1. If many rows are inserted from the same client at the same time, use an INSERT statement containing multiple VALUEs to insert several rows at the same time. This is faster (in some cases several times faster) than using a single-line INSERT statement. If you are adding data to a non-empty table, you can adjust the bulk_insert_buffer_size variable to make data insertion faster. See Section 5.3.3, “Server System Variables”.
2. If you insert many rows from different clients, you can speed up the process by using the INSERT DELAYED statement. See Section 13.2.4, “INSERT Syntax”.
3. Using MyISAM, if there are no deleted rows in the table, rows can be inserted while the SELECT statement is running.
4. When loading a table from a text file, use LOAD DATA INFILE. This is typically 20 times faster than using many INSERT statements. See Section 13.2.5, “LOAD DATA INFILE Syntax”.

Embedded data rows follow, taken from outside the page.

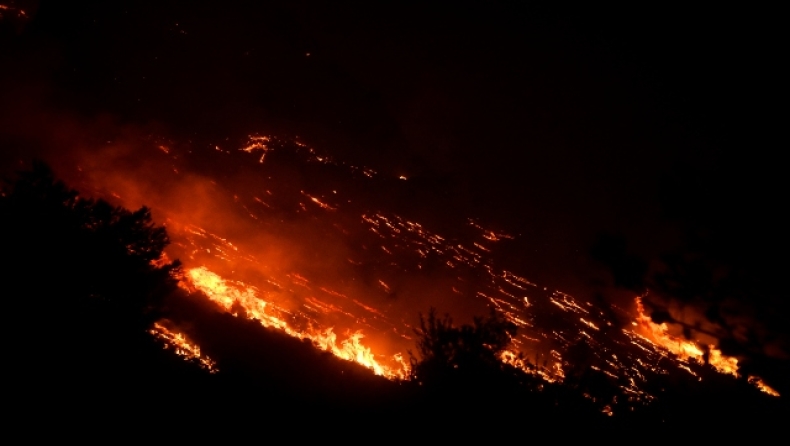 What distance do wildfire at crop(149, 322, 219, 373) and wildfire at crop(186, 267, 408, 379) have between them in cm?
147

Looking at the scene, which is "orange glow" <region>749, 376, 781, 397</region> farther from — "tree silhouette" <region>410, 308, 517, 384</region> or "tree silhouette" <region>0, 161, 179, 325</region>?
"tree silhouette" <region>0, 161, 179, 325</region>

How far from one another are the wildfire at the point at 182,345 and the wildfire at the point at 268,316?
1470 mm

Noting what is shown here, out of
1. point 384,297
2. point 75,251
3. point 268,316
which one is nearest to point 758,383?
point 384,297

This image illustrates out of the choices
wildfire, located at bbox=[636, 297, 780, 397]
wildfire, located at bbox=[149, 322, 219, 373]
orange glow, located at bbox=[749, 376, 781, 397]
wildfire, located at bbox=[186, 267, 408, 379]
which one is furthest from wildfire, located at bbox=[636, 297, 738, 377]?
wildfire, located at bbox=[149, 322, 219, 373]

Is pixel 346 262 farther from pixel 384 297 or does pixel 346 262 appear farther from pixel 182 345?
pixel 182 345

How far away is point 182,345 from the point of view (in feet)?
28.6

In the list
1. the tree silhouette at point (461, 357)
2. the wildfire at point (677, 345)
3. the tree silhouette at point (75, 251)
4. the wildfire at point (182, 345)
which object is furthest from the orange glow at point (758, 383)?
the tree silhouette at point (75, 251)

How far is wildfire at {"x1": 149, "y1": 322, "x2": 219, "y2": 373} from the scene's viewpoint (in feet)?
25.1

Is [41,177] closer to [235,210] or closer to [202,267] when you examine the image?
[202,267]

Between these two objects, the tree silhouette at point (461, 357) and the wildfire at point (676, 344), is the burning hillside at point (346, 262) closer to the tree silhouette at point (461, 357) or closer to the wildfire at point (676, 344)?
the wildfire at point (676, 344)

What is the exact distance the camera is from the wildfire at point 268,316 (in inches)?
421

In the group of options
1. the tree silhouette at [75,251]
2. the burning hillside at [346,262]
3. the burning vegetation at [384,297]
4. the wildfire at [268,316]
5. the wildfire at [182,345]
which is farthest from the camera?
the burning hillside at [346,262]

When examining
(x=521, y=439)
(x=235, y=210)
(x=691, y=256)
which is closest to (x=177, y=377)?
(x=521, y=439)

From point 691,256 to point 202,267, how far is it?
32.8ft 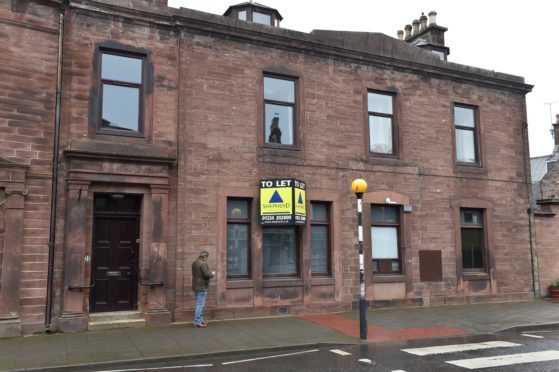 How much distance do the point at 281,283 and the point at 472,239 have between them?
6.92m

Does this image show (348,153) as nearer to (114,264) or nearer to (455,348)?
(455,348)

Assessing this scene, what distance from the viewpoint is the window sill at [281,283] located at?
41.8ft

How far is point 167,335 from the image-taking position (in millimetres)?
10133

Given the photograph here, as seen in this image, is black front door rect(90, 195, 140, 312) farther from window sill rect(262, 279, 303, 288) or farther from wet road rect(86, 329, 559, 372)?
wet road rect(86, 329, 559, 372)

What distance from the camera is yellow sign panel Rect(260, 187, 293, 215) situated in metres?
12.7

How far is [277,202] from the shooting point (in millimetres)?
12758

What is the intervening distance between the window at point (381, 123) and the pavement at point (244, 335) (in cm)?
469

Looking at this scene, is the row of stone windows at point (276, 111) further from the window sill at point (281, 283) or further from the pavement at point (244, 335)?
the pavement at point (244, 335)

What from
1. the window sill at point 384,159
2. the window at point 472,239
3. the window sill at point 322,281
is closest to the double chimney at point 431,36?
the window sill at point 384,159

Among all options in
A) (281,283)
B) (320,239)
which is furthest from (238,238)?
(320,239)

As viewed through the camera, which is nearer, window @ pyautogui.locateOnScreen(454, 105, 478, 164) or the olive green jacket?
the olive green jacket

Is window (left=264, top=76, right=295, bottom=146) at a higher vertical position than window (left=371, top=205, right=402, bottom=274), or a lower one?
higher

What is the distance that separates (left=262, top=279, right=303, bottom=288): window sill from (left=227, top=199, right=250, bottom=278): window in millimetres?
511

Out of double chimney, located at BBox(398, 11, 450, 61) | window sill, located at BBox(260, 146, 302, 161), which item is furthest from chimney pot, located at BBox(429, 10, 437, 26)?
window sill, located at BBox(260, 146, 302, 161) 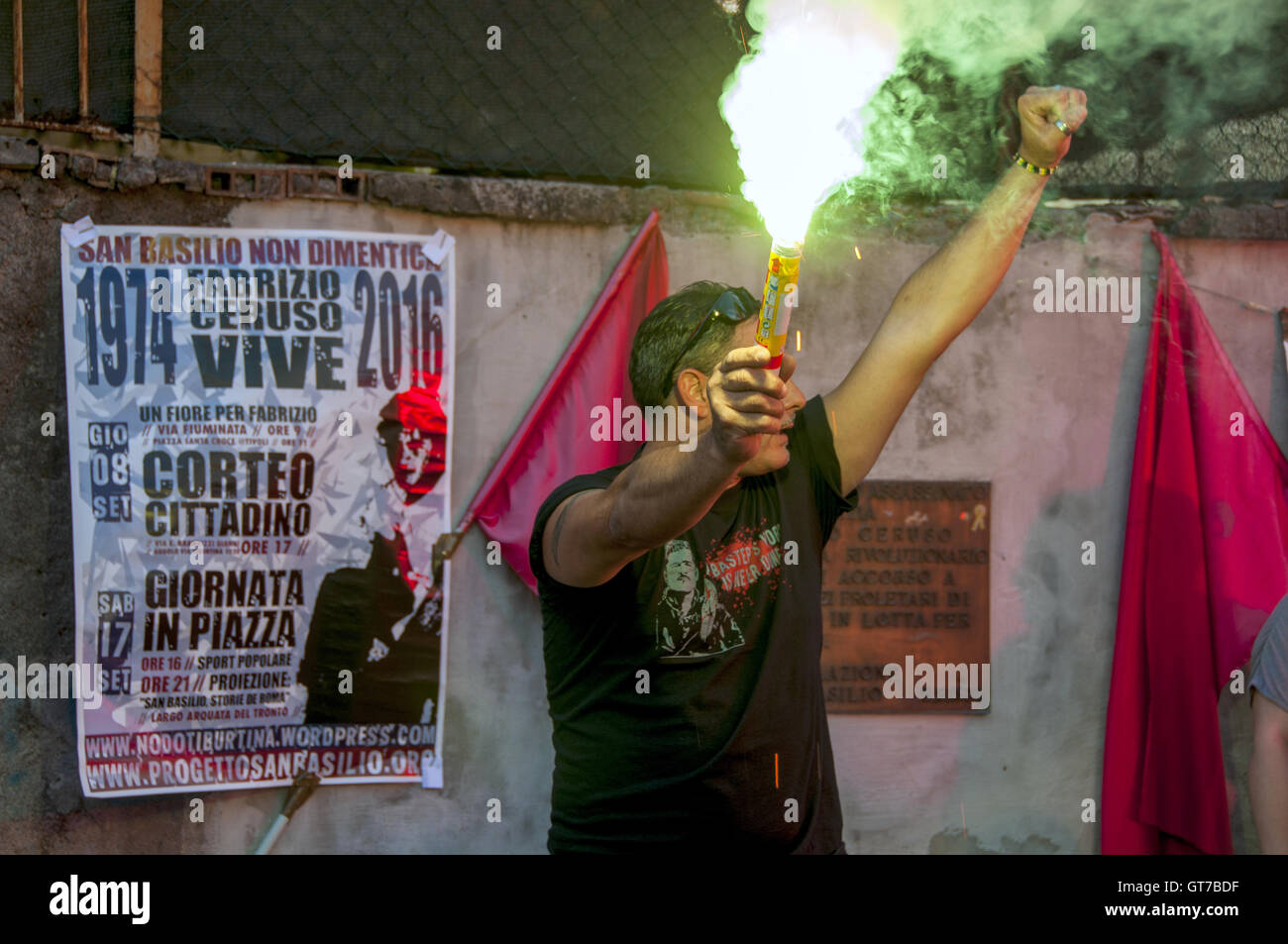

5. When the table has many indexes, it may be necessary to do more work to make LOAD DATA INFILE faster. Use the following process:
1). Selectively create a table with CREATE TABLE.
2). Execute the FLUSH TABLES statement or the command mysqladmin flush-tables.
3). Use myisamchk --keys-used=0 -rq /path/to/db/tbl_name. This will unuse all indexes from the table.
4). Use LOAD DATA INFILE to insert data into the table. Because no index is updated, it is very fast.
5). If you only want to read the table later, use myisampack to compress it. See Section 15.1.3.3, “Compression Table Properties”.
6). Use myisamchk -r -q /path/to/db/tbl_name to re-create the index. This will create the index tree in memory before writing to disk, and it is faster because large disk searches are avoided. The resulting index tree is also perfectly balanced.
7). Execute the FLUSH TABLES statement or mysqladmin flush-tables command.
6. Locking the table can speed up INSERT operations executed with multiple statements:
* LOCK TABLES a WRITE;
* INSERT INTO a VALUES (1,23),(2,34),(4,33);
* INSERT INTO a VALUES (8,26),( 6,29);
* UNLOCK TABLES;
This will improve performance because the index cache is only flushed to disk once after all INSERT statements are completed. Generally, the number of INSERT statements is the number of index cache refreshes. If you can insert all rows with one statement, no locking is needed.
For transactional tables, BEGIN and COMMIT should be used instead of LOCK TABLES to speed up insertions.